From C2 to C5ISR — — A long and historic journey of developing command, control, communications, computers, cyber, intelligence, surveillance, & reconnaissance collection and sharing capabilities within a trust network.
“Decentralized execution is defined as the ‘delegation of authority to designated lower-level commanders’ and other tactical-level decision makers to achieve effective span of control and to foster disciplined initiative and tactical flexibility.” CENTRALIZED CONTROL AND DECENTRALIZED EXECUTION, VOLUME 1, BASIC DOCTRINE; CURTIS E. LEMAY CENTER FOR DOCTRINE DEVELOPMENT AND EDUCATION. DOI: 27 FEB 2015
It’s important to identify, there are different contexts in which decentralization can arise, from an organization decision making perspective, the physical infrastructure of a network, to a software’s architecture implementation. All that to say, terms like “decentralization” and “distributed” actually aren’t that helpful without also having all the appropriate context of how the systems are put into practice. So far, a lot of the “decentralized” software solutions we have seen released (or are in the works) either depend on web technology (we’ll talk about why that’s a problem shortly), or require a major engineering endeavor to be harnessed usefully. Although these new “cloud” technologies make using and sharing information vastly easier for end users, there are still major privacy and accessibility gaps.
Even some of the most widely recognized “decentralized” infrastructures aren’t necessarily as decentralized as they appear (ref: Bitcoin & original research by Cornell); additionally, they can require restrictive licenses, have closed code bases, require buy-in on others’ business or governance model, or assume that a seven-figure engineering budget is at the ready. The questions I always like to ask are, who owns the data and where does it reside? Identifying this pattern can be the first step in trying to decide where you or your community fits into all of this confusion progress.
For a deeper understanding of the subtle differences between decentralization and distributed systems, check out this article by Julia Poenitzsch entitled What’s the difference between Decentralized and Distributed? And how does this relate to Private vs. Public blockchains?, published on Medium, Oct 3, 2018. She appropriately concludes “there are degrees of decentralization and distribution, rather than hard divisions. How much decentralization or distribution is desirable then depends on your objectives.”

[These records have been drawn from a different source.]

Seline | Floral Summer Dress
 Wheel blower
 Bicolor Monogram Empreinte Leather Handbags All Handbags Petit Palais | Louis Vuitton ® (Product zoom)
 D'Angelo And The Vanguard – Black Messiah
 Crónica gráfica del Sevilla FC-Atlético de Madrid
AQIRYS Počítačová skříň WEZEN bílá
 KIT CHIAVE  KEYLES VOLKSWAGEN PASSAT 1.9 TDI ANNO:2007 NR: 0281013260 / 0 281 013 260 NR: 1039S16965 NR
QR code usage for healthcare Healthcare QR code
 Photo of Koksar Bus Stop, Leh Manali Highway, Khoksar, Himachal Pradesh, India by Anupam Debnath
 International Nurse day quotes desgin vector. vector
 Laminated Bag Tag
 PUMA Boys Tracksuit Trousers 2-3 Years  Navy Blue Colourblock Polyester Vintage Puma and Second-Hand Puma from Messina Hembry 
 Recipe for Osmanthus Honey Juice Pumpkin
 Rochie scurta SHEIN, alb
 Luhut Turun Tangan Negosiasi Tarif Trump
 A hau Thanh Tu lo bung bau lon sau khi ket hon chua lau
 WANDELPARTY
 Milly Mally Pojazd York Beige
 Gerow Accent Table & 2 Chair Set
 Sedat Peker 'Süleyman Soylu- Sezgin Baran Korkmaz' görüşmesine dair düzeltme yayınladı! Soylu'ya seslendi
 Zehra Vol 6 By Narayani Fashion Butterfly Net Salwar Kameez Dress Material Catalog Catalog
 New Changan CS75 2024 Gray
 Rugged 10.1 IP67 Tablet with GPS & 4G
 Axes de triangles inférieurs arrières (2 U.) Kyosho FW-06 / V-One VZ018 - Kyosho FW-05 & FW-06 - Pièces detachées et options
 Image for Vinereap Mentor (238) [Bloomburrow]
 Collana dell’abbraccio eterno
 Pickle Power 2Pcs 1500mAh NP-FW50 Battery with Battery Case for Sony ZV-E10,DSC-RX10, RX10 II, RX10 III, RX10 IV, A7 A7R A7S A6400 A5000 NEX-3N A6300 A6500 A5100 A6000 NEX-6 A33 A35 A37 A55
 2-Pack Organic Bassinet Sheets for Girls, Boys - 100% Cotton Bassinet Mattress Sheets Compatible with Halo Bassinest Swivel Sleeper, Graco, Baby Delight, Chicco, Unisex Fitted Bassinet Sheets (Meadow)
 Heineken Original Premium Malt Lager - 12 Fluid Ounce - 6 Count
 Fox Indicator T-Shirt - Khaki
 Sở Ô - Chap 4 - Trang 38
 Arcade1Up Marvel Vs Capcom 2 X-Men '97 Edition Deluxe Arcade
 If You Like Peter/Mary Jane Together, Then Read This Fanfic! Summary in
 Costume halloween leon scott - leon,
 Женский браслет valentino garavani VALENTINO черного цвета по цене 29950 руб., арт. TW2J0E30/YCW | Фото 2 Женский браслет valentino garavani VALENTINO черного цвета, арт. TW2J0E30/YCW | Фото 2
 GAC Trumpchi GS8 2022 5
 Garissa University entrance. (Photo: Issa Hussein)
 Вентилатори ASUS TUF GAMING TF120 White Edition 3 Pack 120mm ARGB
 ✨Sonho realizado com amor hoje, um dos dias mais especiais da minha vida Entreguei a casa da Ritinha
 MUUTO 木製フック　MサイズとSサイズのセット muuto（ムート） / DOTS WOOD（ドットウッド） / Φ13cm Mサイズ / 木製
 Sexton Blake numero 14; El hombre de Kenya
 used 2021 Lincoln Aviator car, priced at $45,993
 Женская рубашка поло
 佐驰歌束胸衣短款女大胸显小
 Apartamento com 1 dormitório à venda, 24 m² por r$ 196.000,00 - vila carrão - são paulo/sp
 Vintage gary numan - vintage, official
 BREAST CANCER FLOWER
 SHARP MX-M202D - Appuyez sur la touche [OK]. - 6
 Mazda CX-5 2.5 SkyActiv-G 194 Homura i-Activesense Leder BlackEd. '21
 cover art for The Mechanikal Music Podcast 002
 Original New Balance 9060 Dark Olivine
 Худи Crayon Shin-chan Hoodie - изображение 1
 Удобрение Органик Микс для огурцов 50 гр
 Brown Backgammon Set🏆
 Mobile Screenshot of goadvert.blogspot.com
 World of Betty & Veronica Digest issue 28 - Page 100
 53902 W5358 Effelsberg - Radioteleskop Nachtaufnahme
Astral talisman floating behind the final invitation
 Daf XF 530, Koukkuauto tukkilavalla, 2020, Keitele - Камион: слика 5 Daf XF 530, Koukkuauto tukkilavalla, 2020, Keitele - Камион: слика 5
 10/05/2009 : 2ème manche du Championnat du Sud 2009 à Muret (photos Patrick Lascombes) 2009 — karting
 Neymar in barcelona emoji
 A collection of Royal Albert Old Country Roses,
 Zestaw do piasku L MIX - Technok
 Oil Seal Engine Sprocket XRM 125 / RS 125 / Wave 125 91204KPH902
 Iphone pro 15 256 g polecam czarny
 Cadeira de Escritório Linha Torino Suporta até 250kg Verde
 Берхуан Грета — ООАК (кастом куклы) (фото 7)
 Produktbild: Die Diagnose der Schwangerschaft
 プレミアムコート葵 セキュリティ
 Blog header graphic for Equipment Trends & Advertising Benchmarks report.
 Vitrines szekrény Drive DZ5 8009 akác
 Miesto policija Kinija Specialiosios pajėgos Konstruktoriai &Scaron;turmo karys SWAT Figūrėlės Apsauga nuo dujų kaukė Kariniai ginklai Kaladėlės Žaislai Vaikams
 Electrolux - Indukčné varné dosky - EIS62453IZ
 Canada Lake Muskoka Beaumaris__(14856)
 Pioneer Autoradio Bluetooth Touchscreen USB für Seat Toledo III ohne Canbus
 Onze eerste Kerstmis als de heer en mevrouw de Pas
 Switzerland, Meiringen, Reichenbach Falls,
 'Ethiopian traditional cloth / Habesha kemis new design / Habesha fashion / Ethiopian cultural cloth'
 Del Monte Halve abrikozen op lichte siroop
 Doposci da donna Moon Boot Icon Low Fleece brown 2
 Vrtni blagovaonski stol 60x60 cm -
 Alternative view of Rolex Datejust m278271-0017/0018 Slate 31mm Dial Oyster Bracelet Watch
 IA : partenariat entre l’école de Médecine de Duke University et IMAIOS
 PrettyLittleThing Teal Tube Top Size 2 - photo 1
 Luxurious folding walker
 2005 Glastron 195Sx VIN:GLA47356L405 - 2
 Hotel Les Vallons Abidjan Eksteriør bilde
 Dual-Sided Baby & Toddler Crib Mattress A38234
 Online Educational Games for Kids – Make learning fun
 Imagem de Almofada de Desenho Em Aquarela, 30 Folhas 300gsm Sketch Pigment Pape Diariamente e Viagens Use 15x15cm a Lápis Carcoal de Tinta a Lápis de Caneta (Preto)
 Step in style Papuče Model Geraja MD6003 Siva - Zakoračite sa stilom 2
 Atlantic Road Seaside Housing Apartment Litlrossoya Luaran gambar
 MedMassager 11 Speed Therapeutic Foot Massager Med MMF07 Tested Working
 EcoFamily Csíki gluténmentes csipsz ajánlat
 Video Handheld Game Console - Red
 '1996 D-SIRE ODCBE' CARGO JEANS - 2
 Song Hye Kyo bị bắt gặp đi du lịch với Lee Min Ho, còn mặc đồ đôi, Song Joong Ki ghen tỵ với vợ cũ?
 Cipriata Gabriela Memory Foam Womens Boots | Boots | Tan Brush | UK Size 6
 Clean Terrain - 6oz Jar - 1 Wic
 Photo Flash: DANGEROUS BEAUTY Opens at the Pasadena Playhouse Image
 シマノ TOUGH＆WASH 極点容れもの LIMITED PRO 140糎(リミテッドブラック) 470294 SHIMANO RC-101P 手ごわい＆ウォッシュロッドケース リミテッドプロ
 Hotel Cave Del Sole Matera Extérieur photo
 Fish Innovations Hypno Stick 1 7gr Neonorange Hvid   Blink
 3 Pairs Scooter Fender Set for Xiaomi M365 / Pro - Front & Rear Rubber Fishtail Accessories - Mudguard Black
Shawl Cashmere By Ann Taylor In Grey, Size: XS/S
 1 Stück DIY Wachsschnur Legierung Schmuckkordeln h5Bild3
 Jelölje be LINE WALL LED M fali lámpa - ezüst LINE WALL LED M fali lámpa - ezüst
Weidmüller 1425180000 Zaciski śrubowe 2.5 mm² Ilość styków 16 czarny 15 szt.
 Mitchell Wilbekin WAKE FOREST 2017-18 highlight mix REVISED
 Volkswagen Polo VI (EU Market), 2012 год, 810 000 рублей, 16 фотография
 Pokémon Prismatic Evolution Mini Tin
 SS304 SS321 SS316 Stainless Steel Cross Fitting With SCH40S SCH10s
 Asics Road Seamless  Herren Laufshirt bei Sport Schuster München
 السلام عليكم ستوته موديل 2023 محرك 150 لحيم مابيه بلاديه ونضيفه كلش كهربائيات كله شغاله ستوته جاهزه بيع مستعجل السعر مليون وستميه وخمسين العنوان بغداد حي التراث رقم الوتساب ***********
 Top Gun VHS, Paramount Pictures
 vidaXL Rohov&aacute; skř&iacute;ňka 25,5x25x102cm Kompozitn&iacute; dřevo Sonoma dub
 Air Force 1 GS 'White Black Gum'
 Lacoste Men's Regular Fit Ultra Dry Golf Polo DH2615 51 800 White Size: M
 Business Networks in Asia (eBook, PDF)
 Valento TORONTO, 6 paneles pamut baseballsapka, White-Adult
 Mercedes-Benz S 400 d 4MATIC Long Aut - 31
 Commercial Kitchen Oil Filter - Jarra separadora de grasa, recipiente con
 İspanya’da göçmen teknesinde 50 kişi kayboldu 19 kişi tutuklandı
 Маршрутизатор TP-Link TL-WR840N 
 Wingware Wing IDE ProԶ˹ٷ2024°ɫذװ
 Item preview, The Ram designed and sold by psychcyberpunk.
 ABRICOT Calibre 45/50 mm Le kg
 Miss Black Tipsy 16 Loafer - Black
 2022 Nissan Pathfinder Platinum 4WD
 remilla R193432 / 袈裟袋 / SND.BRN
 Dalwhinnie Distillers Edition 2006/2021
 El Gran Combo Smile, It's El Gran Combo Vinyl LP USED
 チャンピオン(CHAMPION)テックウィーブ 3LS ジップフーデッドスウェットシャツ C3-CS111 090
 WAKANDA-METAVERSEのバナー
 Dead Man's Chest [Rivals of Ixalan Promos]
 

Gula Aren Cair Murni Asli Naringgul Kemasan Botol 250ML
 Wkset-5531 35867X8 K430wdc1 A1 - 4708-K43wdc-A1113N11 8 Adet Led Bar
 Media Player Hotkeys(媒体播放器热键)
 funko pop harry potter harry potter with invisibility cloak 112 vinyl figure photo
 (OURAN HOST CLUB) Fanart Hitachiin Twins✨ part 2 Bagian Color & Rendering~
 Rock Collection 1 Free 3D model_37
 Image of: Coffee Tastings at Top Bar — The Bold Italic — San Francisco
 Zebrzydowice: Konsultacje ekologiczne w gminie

Making Use of the Tools We Have
It’s no coincidence that tools with profound utility are also broadly applicable to people everywhere, whether in business, emergency response, or “going off to college”. Today more than ever before, the importance of being able to connect and transact easily, dependably, and securely is paramount, whether or not it’s obvious. Both the military intelligence community (MIC) and the Silicon Valley behemoths were created on the backbone of open source initiatives like Linux, TCP/IP, HTTP, and HTML protocols. How did so many people (the non-technical masses) miss out on owning and employing these tools directly?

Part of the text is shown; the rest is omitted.